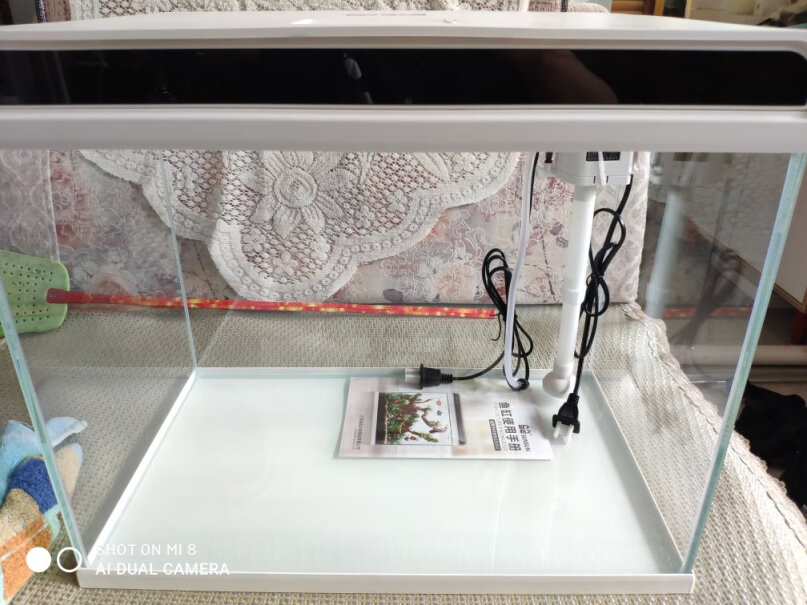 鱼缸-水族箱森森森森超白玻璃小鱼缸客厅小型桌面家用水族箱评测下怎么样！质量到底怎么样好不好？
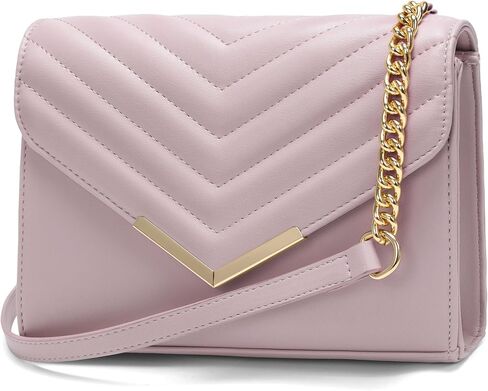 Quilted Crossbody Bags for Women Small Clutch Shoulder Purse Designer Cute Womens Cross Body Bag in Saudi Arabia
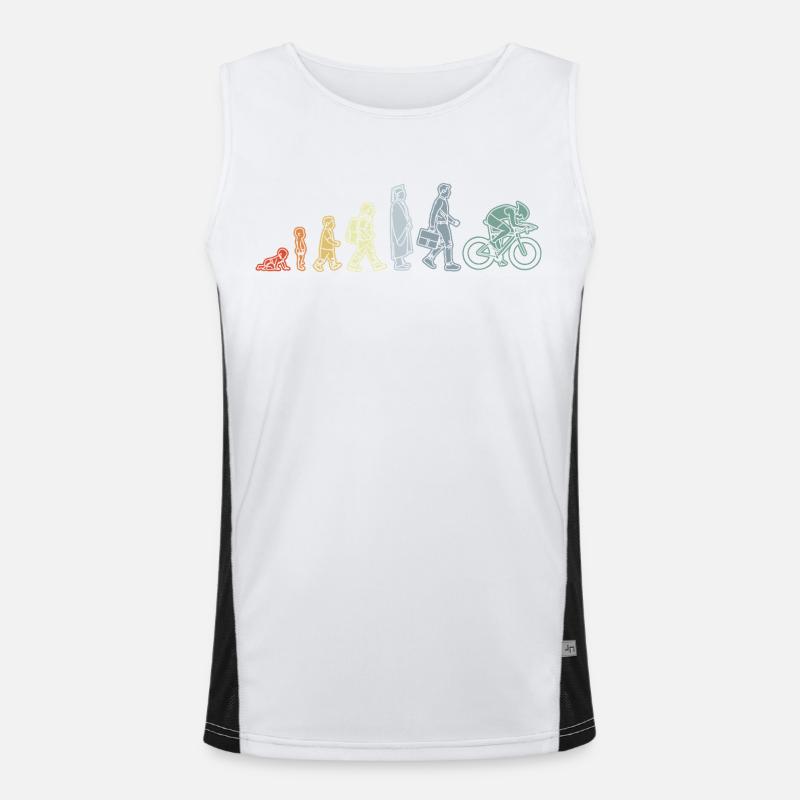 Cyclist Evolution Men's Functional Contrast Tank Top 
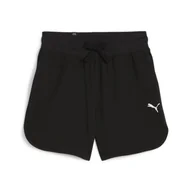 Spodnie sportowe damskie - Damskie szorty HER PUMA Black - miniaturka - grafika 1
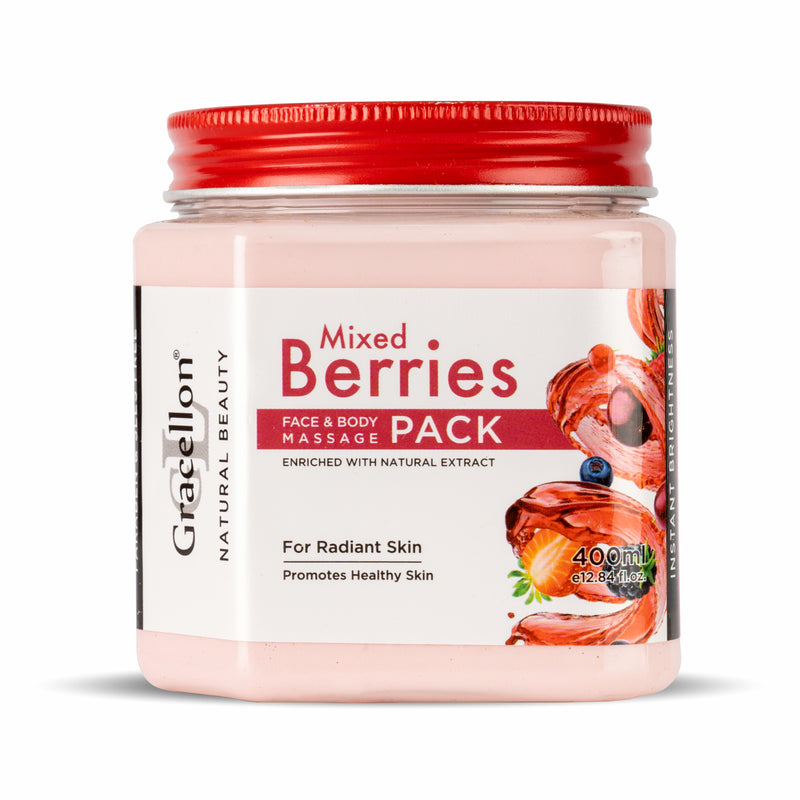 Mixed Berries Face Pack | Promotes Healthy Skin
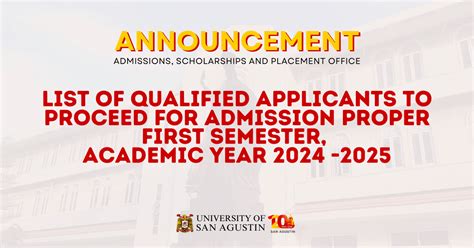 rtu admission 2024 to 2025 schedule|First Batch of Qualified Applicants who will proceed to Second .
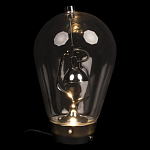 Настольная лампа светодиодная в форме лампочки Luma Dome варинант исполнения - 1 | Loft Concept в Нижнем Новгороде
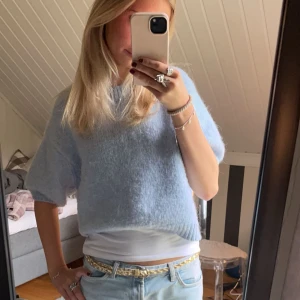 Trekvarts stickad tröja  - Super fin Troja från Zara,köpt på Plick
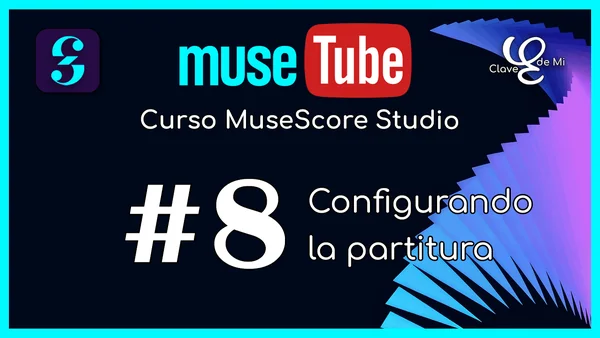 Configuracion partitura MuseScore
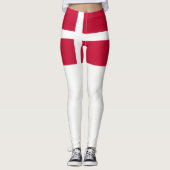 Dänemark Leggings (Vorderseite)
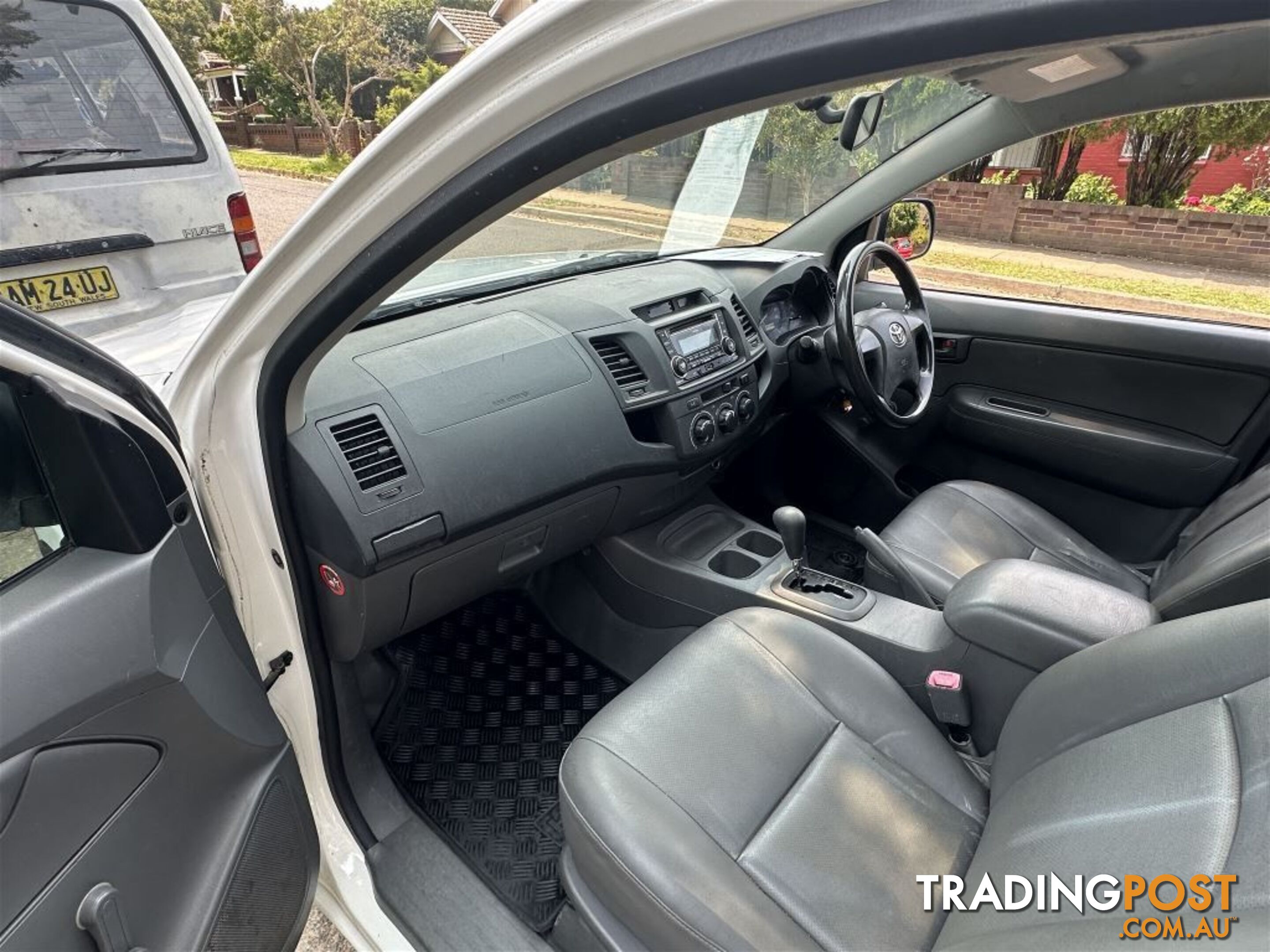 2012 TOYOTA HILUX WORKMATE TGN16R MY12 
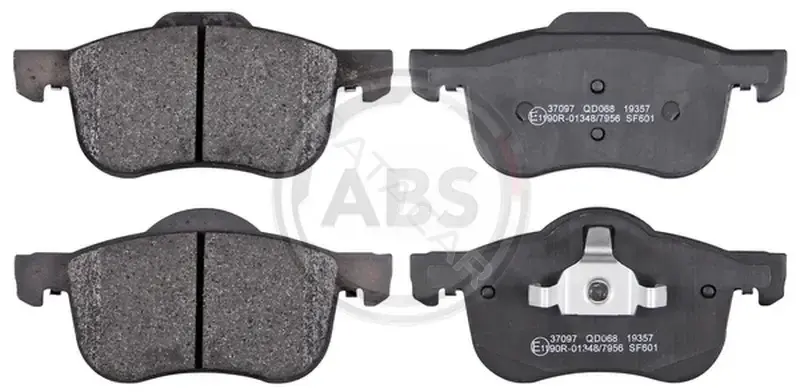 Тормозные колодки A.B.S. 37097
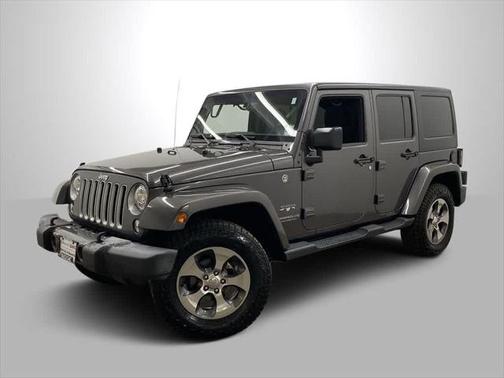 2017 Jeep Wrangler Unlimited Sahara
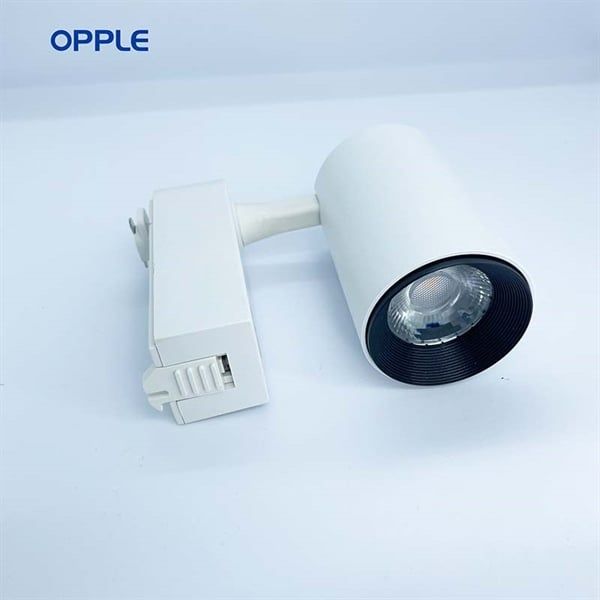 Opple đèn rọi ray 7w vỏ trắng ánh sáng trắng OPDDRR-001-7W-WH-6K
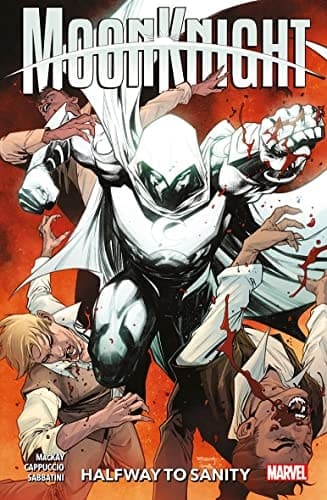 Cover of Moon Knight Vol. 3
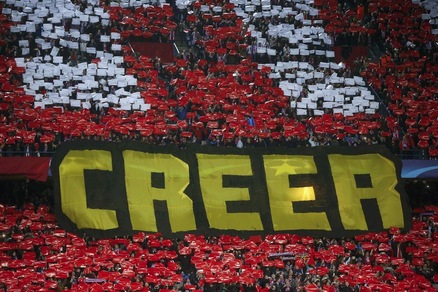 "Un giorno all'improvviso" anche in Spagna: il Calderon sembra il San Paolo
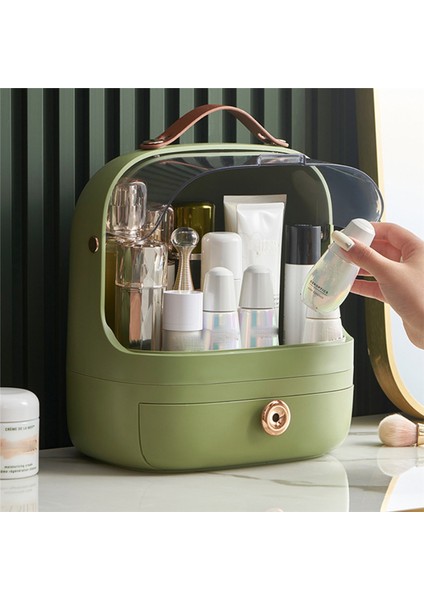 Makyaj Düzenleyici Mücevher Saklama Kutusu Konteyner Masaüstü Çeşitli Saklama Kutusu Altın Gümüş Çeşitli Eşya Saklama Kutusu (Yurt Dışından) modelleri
________
With the images omitted, repeat all the data word for word.

 鱼缸-水族箱森森森森超白玻璃小鱼缸客厅小型桌面家用水族箱评测下怎么样！质量到底怎么样好不好？
 Quilted Crossbody Bags for Women Small Clutch Shoulder Purse Designer Cute Womens Cross Body Bag in Saudi Arabia
 Cyclist Evolution Men's Functional Contrast Tank Top 
 Spodnie sportowe damskie - Damskie szorty HER PUMA Black - miniaturka - grafika 1
 Mixed Berries Face Pack | Promotes Healthy Skin
 rtu admission 2024 to 2025 schedule|First Batch of Qualified Applicants who will proceed to Second .
 Настольная лампа светодиодная в форме лампочки Luma Dome варинант исполнения - 1 | Loft Concept в Нижнем Новгороде
 Trekvarts stickad tröja  - Super fin Troja från Zara,köpt på Plick
 Configuracion partitura MuseScore
 Dänemark Leggings (Vorderseite)
 2012 TOYOTA HILUX WORKMATE TGN16R MY12 
 Тормозные колодки A.B.S. 37097
 2017 Jeep Wrangler Unlimited Sahara
 Opple đèn rọi ray 7w vỏ trắng ánh sáng trắng OPDDRR-001-7W-WH-6K
 Cover of Moon Knight Vol. 3
 "Un giorno all'improvviso" anche in Spagna: il Calderon sembra il San Paolo
 Makyaj Düzenleyici Mücevher Saklama Kutusu Konteyner Masaüstü Çeşitli Saklama Kutusu Altın Gümüş Çeşitli Eşya Saklama Kutusu (Yurt Dışından) modelleri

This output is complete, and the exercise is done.